The American problem is that so many races and cultures are expected to wear the same moral hat. Everybody in the country can and should be an American. To suggest otherwise is quickly perceived as a form of racism or ethnocentricity. This idealistic striving for common values inside America is often transferred to the greater world outside. To point out fundamental differences, particularly ones that are opposed to the current moral shibboleths in America, in other cultures, especially nonwhite cultures, upsets American idealism. There are only two possible answers to such reported differences: either the foreign culture must be immoral, or the reporter is wrong and thus racist.

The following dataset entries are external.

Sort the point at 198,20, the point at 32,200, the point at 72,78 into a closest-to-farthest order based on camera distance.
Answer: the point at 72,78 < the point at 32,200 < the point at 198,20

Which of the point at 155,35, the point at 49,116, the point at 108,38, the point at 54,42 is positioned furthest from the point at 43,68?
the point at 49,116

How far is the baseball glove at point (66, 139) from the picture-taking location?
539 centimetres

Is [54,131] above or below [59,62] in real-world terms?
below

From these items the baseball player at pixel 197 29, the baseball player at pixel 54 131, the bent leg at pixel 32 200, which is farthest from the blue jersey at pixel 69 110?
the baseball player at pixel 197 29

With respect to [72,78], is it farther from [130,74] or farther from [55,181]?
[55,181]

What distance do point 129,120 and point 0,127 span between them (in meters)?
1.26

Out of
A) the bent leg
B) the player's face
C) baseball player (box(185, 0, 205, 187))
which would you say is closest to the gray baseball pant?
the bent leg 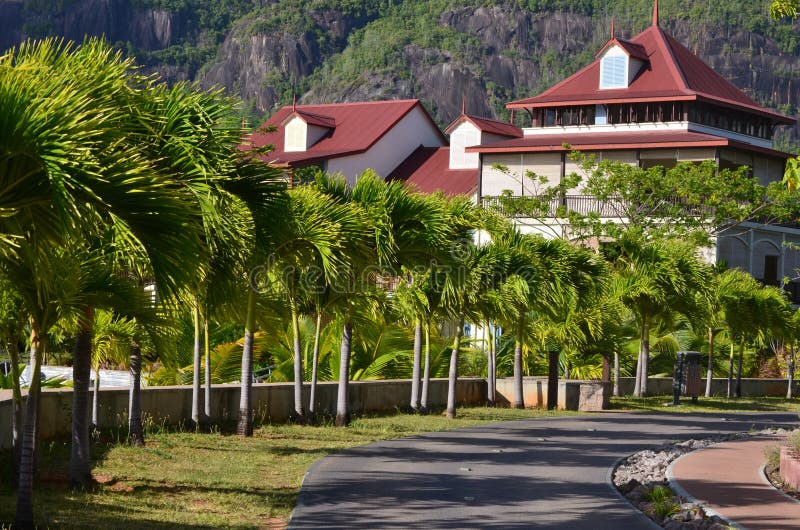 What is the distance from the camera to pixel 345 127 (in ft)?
212

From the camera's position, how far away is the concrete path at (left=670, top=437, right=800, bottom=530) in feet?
38.2

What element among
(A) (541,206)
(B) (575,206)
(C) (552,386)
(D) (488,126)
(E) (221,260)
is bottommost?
(C) (552,386)

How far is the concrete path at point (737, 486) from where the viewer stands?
38.2 ft

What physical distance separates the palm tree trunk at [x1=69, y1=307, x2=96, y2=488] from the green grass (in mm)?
19364

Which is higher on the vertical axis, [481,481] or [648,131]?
[648,131]

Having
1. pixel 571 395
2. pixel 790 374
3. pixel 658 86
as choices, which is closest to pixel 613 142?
pixel 658 86

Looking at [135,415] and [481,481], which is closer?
[481,481]

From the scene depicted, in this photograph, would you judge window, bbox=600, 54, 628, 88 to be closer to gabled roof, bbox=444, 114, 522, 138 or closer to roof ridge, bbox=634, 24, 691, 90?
roof ridge, bbox=634, 24, 691, 90

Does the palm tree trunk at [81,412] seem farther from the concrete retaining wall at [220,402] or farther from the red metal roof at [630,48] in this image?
the red metal roof at [630,48]

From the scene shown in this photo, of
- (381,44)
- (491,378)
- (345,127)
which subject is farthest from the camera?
(381,44)

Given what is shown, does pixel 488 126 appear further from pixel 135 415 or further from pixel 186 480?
pixel 186 480

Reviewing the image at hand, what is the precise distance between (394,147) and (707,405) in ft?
112

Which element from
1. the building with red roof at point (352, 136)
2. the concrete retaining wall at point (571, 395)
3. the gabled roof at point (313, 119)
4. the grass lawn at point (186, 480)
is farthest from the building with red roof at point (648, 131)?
the grass lawn at point (186, 480)

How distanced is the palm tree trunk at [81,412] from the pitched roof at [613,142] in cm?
3619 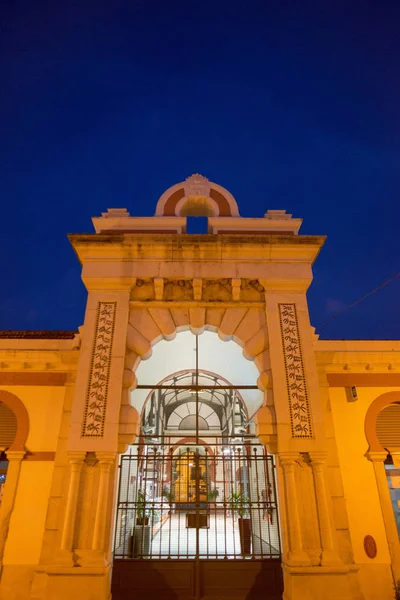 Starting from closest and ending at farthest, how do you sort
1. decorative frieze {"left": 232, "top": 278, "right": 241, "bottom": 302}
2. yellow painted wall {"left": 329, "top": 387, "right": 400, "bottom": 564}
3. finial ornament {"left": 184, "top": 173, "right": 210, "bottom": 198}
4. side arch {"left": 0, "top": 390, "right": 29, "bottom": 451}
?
yellow painted wall {"left": 329, "top": 387, "right": 400, "bottom": 564} < side arch {"left": 0, "top": 390, "right": 29, "bottom": 451} < decorative frieze {"left": 232, "top": 278, "right": 241, "bottom": 302} < finial ornament {"left": 184, "top": 173, "right": 210, "bottom": 198}

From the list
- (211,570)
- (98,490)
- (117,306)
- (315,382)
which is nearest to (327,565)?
(211,570)

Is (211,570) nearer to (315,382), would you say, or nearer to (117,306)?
(315,382)

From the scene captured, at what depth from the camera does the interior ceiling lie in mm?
12141

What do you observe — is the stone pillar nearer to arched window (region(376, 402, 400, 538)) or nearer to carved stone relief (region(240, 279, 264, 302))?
arched window (region(376, 402, 400, 538))

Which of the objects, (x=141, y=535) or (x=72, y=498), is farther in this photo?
(x=141, y=535)

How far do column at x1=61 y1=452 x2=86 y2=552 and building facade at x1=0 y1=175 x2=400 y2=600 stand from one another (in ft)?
0.08

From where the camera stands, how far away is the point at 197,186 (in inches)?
384

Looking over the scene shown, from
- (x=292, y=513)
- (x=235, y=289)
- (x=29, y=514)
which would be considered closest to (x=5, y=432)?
(x=29, y=514)

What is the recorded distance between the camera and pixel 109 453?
22.1ft

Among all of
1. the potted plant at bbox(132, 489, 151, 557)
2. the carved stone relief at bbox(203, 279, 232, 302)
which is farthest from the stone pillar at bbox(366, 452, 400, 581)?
the potted plant at bbox(132, 489, 151, 557)

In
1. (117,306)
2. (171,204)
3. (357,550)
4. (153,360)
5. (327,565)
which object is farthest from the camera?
(153,360)

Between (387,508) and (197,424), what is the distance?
4.17 m

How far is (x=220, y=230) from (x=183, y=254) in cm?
134

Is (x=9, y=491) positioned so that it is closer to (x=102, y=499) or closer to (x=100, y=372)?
(x=102, y=499) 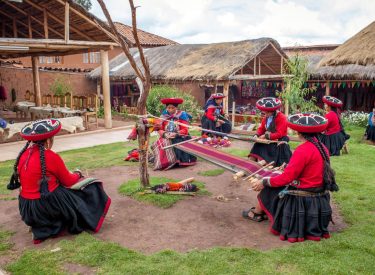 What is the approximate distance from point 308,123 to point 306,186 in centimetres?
67

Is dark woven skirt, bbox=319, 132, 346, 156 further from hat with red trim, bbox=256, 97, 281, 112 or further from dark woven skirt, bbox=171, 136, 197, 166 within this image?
dark woven skirt, bbox=171, 136, 197, 166

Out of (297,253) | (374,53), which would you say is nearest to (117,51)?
(374,53)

Dower demonstrates convincingly how national character studies of varying sophistication were vulgarized in wartime propaganda. Ideas by such social scientists as Ruth Benedict, Geoffrey Gorer, and John Embree ended up as crude caricatures in the popular press. But Dower goes further to suggest that Embree and others were wrong to emphasize the pathological aspects of modern Japanese behavior. By linking their research to the cartoons in Leatherneck he gives the impression that they were, perhaps unconsciously, racist themselves.

Something similar is often at work, I believe, in the present debate on US–Japan relations. To suggest that the enormous trade deficit with Japan is owing to other factors than the Japanese capacity for hard work, the much vaunted social harmony, or American laziness and lack of inclination to learn Japanese, is to provoke accusations of ethnocentricity, if not racism. A good example was a piece on Japanese economic policies written last year by the late Theodore White, quoted in Dower’s book as a typical example of current use of war rhetoric. And war rhetoric, as his book tries to make clear, was racist. Indeed, White’s article was widely attacked for being racist.

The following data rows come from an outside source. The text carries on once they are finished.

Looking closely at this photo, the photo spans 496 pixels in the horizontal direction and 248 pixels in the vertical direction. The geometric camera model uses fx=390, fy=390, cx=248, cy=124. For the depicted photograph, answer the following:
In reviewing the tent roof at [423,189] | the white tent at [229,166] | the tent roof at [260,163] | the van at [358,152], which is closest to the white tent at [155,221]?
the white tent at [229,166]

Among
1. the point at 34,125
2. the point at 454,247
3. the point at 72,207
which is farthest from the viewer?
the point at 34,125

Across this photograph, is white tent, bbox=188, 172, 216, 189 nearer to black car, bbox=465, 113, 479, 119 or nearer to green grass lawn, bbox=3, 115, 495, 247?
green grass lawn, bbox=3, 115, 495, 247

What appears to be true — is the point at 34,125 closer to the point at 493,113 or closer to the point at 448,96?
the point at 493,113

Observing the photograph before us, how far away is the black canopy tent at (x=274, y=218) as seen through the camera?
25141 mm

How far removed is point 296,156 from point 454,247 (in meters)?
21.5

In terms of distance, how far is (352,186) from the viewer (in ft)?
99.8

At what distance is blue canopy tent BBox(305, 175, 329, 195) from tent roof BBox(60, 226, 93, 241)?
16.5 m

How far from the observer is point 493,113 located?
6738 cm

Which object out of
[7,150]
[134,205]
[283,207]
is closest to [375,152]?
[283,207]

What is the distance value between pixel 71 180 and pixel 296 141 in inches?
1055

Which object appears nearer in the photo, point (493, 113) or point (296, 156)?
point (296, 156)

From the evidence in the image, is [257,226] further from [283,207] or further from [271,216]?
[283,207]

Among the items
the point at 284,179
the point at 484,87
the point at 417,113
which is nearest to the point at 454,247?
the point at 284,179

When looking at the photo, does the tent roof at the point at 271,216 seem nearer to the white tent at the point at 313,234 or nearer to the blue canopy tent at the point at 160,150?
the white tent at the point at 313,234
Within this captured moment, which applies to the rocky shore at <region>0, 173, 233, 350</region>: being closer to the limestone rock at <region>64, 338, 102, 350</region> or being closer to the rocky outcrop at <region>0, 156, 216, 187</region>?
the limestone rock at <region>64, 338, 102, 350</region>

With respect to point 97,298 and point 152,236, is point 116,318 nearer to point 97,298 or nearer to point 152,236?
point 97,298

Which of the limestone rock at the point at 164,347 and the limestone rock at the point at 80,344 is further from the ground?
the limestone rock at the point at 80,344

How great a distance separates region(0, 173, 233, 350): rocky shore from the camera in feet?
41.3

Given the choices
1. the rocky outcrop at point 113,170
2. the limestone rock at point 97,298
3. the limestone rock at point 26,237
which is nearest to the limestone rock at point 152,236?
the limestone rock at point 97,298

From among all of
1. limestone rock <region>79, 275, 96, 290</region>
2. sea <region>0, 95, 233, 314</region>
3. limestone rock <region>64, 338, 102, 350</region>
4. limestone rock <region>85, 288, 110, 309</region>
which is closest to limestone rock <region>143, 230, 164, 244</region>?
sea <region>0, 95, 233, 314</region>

But was It? His tone was certainly emotional and thus perhaps ill-judged. But the actual words he used revealed the background to his outburst. Recalling his presence on the USS Missouri on September 2, 1945, when the Japanese formally surrendered, he wrote: “I bristled at the sight of them. I had seen the Japanese blast and flame Chungqing, the city I had lived in years before, then bring their planes down to machine-gun people in the streets.” This is not the voice of a white supremacist but, if anything, of a Chinese nationalist. Inappropriate perhaps for a piece on the trade problem, but surely not racist. The rest of the article contains some factual errors, but is on the whole a coherently argued analysis of the dangers inherent in the Japanese trading system.

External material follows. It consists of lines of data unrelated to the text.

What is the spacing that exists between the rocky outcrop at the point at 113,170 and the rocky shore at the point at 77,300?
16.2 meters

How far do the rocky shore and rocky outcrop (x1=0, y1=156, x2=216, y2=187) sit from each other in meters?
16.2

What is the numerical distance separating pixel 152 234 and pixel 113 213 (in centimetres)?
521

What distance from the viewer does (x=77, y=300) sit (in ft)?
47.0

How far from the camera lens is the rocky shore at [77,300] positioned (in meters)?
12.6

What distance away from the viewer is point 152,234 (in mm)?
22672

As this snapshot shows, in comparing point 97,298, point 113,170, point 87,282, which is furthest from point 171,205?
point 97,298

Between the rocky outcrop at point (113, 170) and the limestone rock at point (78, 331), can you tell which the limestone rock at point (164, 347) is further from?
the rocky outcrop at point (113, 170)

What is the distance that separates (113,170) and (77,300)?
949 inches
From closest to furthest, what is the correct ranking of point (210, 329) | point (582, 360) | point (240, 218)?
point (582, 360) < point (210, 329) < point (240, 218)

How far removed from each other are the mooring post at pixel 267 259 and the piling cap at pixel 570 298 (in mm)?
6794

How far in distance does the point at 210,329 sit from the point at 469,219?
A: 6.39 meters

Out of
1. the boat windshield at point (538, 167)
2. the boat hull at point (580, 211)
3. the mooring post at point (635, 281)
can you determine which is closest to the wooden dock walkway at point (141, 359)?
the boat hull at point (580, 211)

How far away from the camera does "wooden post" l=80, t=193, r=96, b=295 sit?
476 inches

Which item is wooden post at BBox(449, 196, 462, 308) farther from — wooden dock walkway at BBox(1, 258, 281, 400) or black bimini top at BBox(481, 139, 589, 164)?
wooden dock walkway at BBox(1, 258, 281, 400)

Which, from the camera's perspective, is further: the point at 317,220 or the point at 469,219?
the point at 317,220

The term “racist,” like “fascist,” has lost much of its meaning through too much and imprecise use. Dower’s book, though useful as a picture of the stupidity that human conflict can unleash, would have been stronger had he been less inclined to find a racial explanation for almost anything. At the very least racism should have been more clearly defined. Understanding is the only way to break down the barrier between Us and Other; racism is one thing holding this up, but misplaced racial guilt is surely another.